CIFAR-10 Classifier

This guide provides step-by-step instructions on how to create full pipeline for training and evaluating a simple image classification neural network. This example uses the CIFAR-10 dataset. This guide assumes that the reader has a basic understanding of the DeepForge interface. New users are recommended to review the step-by-step guides before attempting the process described in this guide.

Pipeline Overview

../_images/cifar-pipeline-blank.png

This guild will give a step-by-step process beginning with a new, blank pipeline (shown above) and ending with the pipeline shown below that will create, train, and evaluate a CIFAR-10 classifier.

../_images/cifar-pipeline-final.png

GetCifarData Operation

To create your first operation, click on the floating red button in the bottom right of the pipeline editor workspace, and click on the New Operation option that appears.

This operation provides the pipeline with the training and testing data that will be used by later operations. In many cases, this will be accomplished with Input operations, but it may be preferable in some cases to retrieve the data programmatically.

The first step in any operation should be giving it a name, defining its attributes, and defining its inputs and outputs. These steps are best performed in the right-side panel in the operation editor.

Our GetCifarData operation will produce four outputs, representing the images and labels from the training and testing sets. This operation does not require any inputs or attributes.

../_images/get-data-io.png

The next step in creating any operation is defining its implementation. This is performed in the left panel using the python programming language. Every operation is defined as a python class that must include an execute function. Any arbitrary code can be included and run in association with this operation, but an execute function must be included and external code will only run if called from within the execute function.

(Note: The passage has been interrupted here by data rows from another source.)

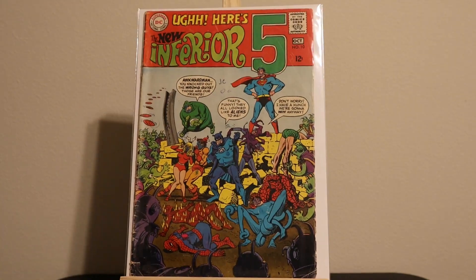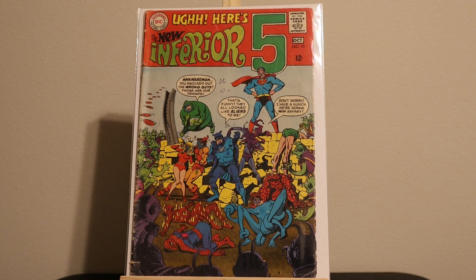Inferior Five number ten. The Superman looks like it's partially drawn by Adams, but the other artwork doesn't look so much like his art. You could consider it an early appearance of the Marvel characters, I suppose, because this was done in 1968.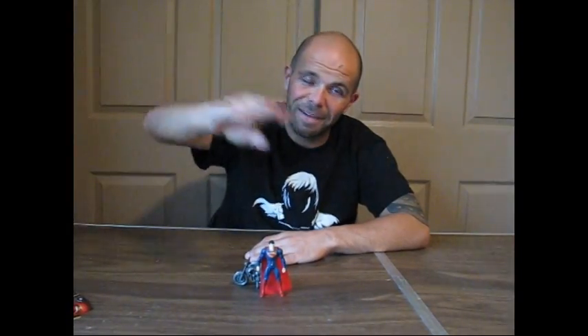Well, that's it for this review. Until next time, I'm Scotty Cash, and I'm out.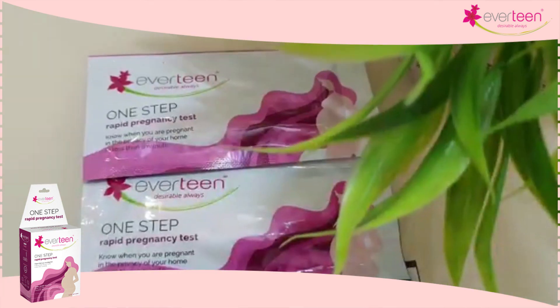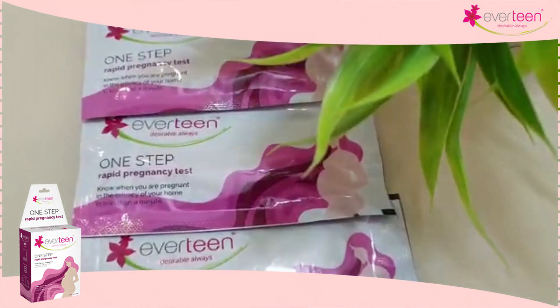Being pregnant is a whole new journey for a woman. Every woman's dream is to step with surety while planning a baby. And to make that easy for you, Everteen has launched a one-step rapid pregnancy kit.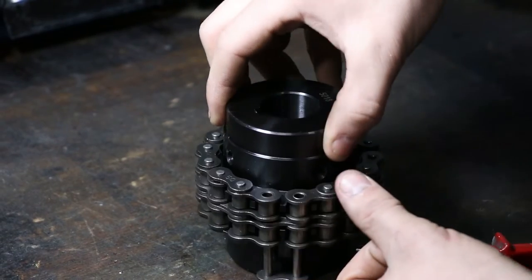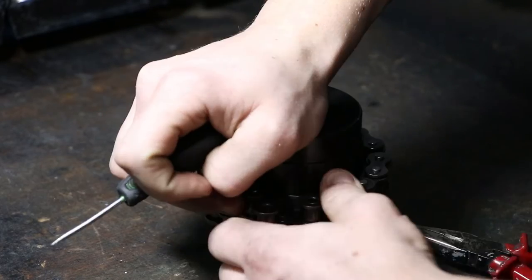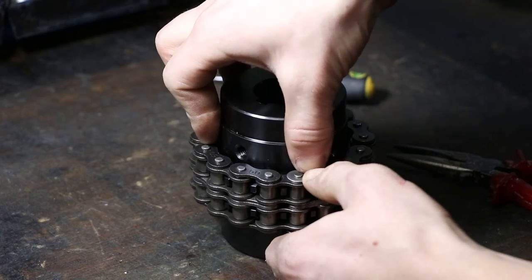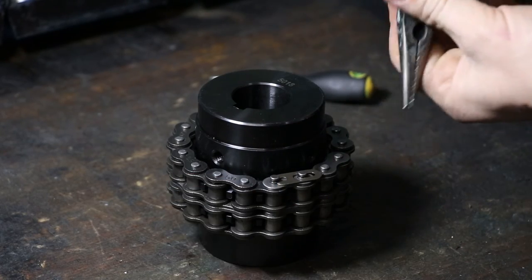To put it back together, put the pins halfway through, and then hold the spacers in the middle in place. Then push the pins all the way through. Put the spacer back on, and then place the clip back on as well. Use needle nose pliers again to make it snap into place.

CIFAR-10 is a very common benchmarking dataset. As such, the common keras neural network python library provides a simple method for directly downloading and using the data. The code for doing this is relatively straightforward and is shown below.

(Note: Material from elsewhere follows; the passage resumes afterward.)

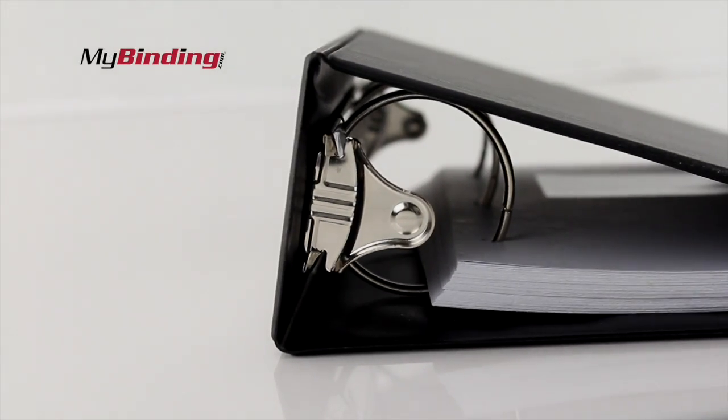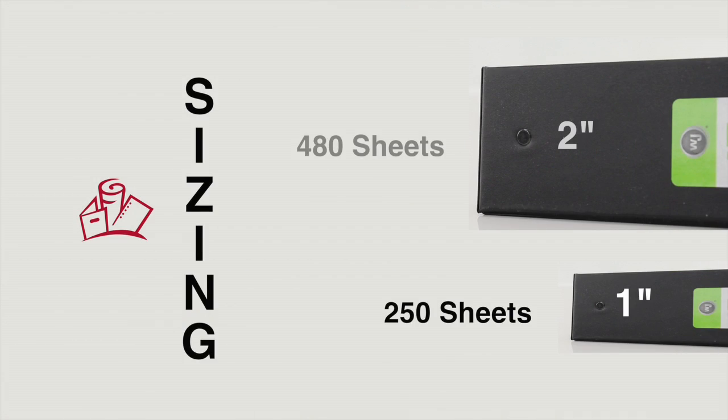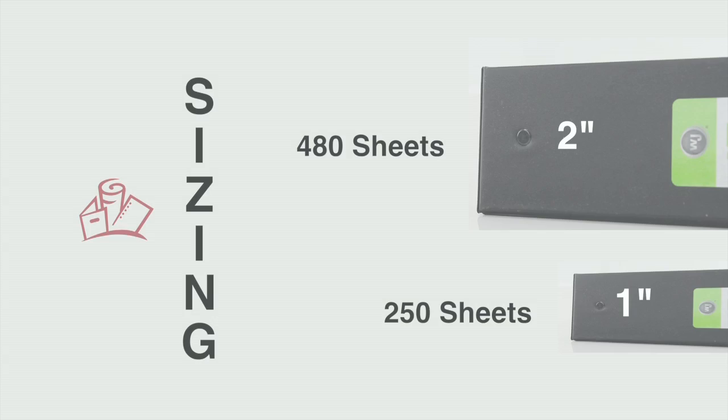When it comes to the amount of paper these things can hold, that depends upon the size of the binder you get. There are two sizes — one inch and two inch — and they can hold 250 or 480 sheets, respectively.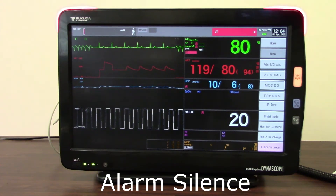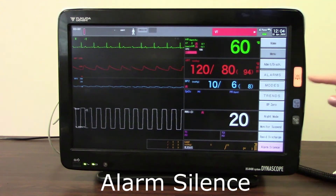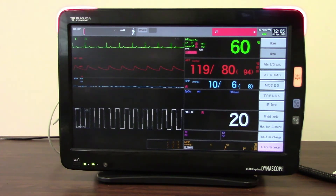Even though it's displaying a normal sinus rhythm, it's going to continue to flash for another good few seconds, just to ensure that you have seen it and noted it. The button will remain lit until that alarm silence is up — so until the one minute is finished.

from keras.datasets import cifar10

class GetCifarData():

    def execute(self):
        print('Retrieving CIFAR-10 train_imgs')

        # Retrieve CIFAR-10 data. load_data() returns a 2-tuple of 2-tuples. The
        # left hand side decomposes these tuples into four separate variables.
        (train_imgs,train_labels),(test_imgs,test_labels) = cifar10.load_data()

        print('CIFAR-10 train_imgs successfully retrieved')
        print('Training set shape: {shape}'.format(shape=train_imgs.shape))
        print('Testing set shape: {shape}'.format(shape=test_imgs.shape))

        return train_labels, test_imgs, test_labels, train_imgs

When finished, return to the pipeline and use the add operation button again to add the new operation to the pipeline. At this point, you should have a single operation with four outputs, as shown below:

../_images/get-cifar-pipeline.png

TrainCifar Operation

The next operation will create and train the neural network classifier.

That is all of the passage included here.